The lack of information on the performance of indoor photovoltaic cells under low light conditions is a concern. It is not possible to guarantee their efficiency and reliability because their performance characteristics at lower light irradiances have not been defined. Datasheets for these cells often only provide information on their efficiency at high irradiance levels, which leads to differences between the values indicated on the datasheets and the final measured values, which can vary significantly when evaluating an indoor solar cell.

As shown in Figure 1, when evaluating MP3-37, the manufacturer provides I/V curves for both the conventional 1-sun and 1/4-sun irradiance [10]. Figure 2 illustrates a significant drop in power output at low irradiance levels. This information is crucial for determining the feasibility of using indoor PV cells for a specific application, as well as for optimizing their performance in low-light conditions. Therefore, there is a need for more comprehensive testing and reporting of indoor PV cell performance to ensure an accurate and reliable product evaluation.

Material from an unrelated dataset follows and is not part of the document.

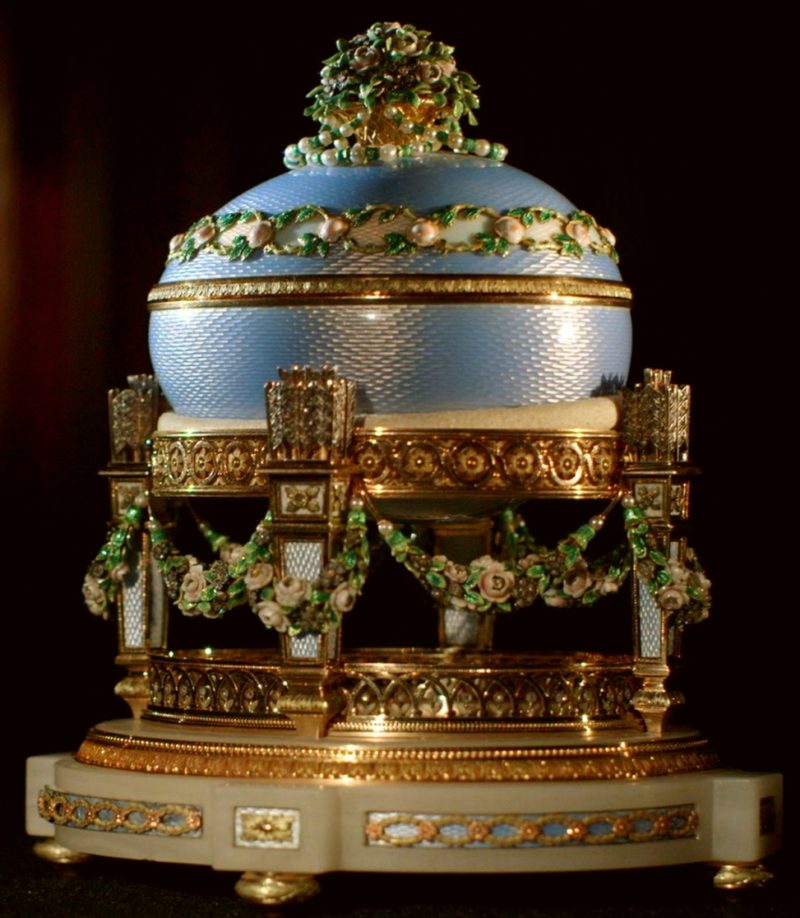 Яйцо Фаберже “Любовные трофеи” голубого цвета на золотой подставке, на темном фоне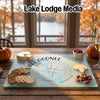 Tempered glass cutting board featuring a Lake Oconee map and compass design on a wooden table.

To address the issue of the lack of detailed information on the performance of indoor PV cells under low-light conditions, light simulators are often used to evaluate such devices. Light simulators allow the precise control of the intensity, spectrum, and direction of the light source, which can be used to simulate a wide range of indoor lighting conditions. By testing PV cells under a variety of simulated lighting conditions, researchers and manufacturers can better understand the performance of these devices and provide more accurate efficiency ratings for different lighting conditions. Light simulators can also be used to optimize the design of indoor PV cells for specific indoor lighting conditions and to identify opportunities for improving the efficiency and performance of these devices [11]. However, these devices are expensive and bulky. The greatest drawback of these devices is their inability to uniformly illuminate a larger surface [12]. Increasing uniformity can be achieved by increasing the number of light sources or by sacrificing illuminance. Our method achieves the appropriate tradeoff of illumination/non-uniformity and minimizes the cost (due to a reduced amount of LEDs). Our work focuses on solving the PV validation problem from the perspective of desired illumination and non-uniformity. Other factors, such as spectral distribution, are not considered in the current work.

1.1. Related Work

Several studies have focused on the development of light simulator systems for various applications, such as photovoltaic (PV) cell testing and research, education, and indoor use. Many of these systems have aimed to reach a solar intensity of 1 sun, which is the standard measurement used to determine the output of PV cells under real sunlight conditions. However, some of these systems have sacrificed either the uniformity of the irradiance distribution or the cost resulting from the use of a large number of light-emitting diodes (LEDs).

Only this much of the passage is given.